The integration rule
The Medical Certification Integration final rule (initially published in 2015, revised in 2021) requires state CDL agencies to receive driver medical certification data directly from the National Registry of Certified Medical Examiners (NRCME), instead of relying on drivers to submit paper certificates. The goal is to eliminate paper-card forgery and ensure CDL records reflect current medical certification status.
Most states completed integration by 2024. The final rollouts target 2026–2027 for the remaining states.
What it means for drivers
CDL holders who took the DOT physical with a NRCME-listed examiner have their certification flow electronically to the state CDL agency. Drivers no longer need to mail or hand-deliver a paper card to the state DMV. The CDL record itself shows the active medical certification status.
Drivers should verify their state's integration status with the state DMV. In integrated states, you can check your CDL medical-cert status online; in non-integrated states, the paper-card process still applies until the state completes integration.

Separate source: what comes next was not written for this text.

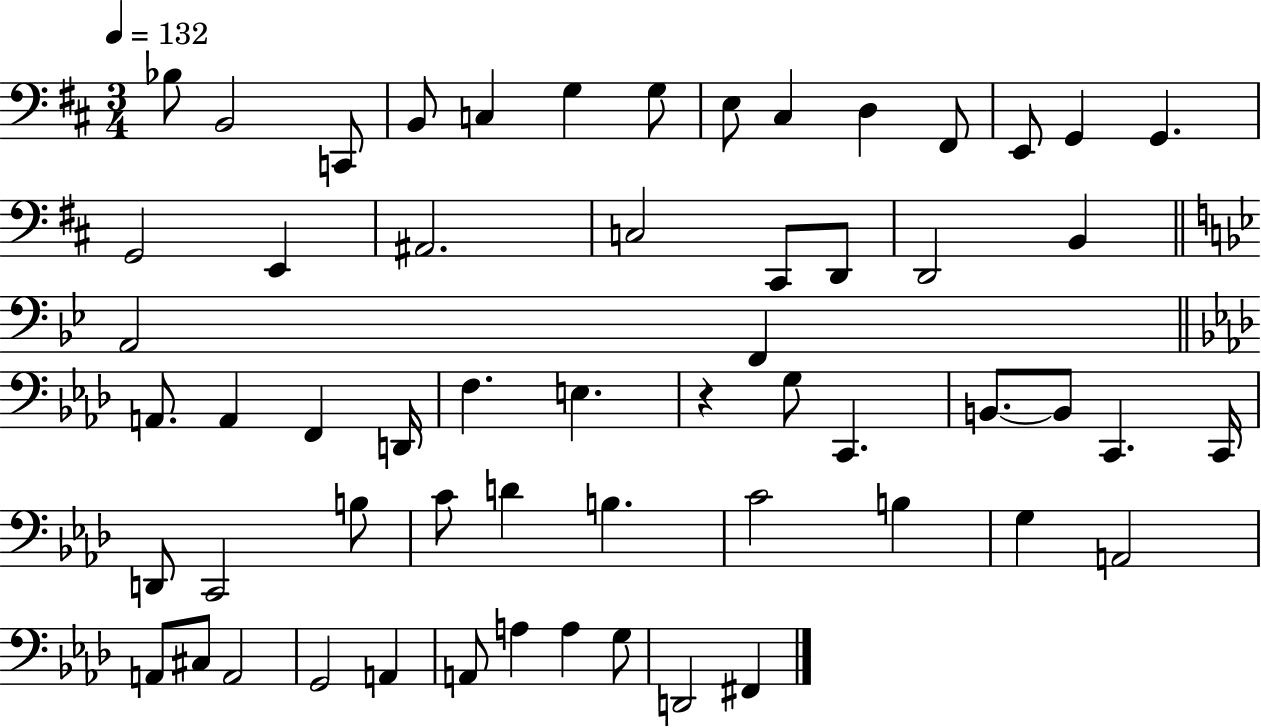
Bb3/e B2/h C2/e B2/e C3/q G3/q G3/e E3/e C#3/q D3/q F#2/e E2/e G2/q G2/q. G2/h E2/q A#2/h. C3/h C#2/e D2/e D2/h B2/q A2/h F2/q A2/e. A2/q F2/q D2/s F3/q. E3/q. R/q G3/e C2/q. B2/e. B2/e C2/q. C2/s D2/e C2/h B3/e C4/e D4/q B3/q. C4/h B3/q G3/q A2/h A2/e C#3/e A2/h G2/h A2/q A2/e A3/q A3/q G3/e D2/h F#2/q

What it means for carriers
Carriers should pull driver MVRs annually under 49 CFR §391.25. In integrated states, the MVR shows the active medical certification expiration date; in non-integrated states, the carrier must continue collecting and filing the paper medical card.
A driver whose medical certification expires without recertification automatically gets a CDL "non-medically-certified" status flag. The driver cannot legally operate a CMV until recertified. Carriers receive the MVR data through the §391.25 annual review.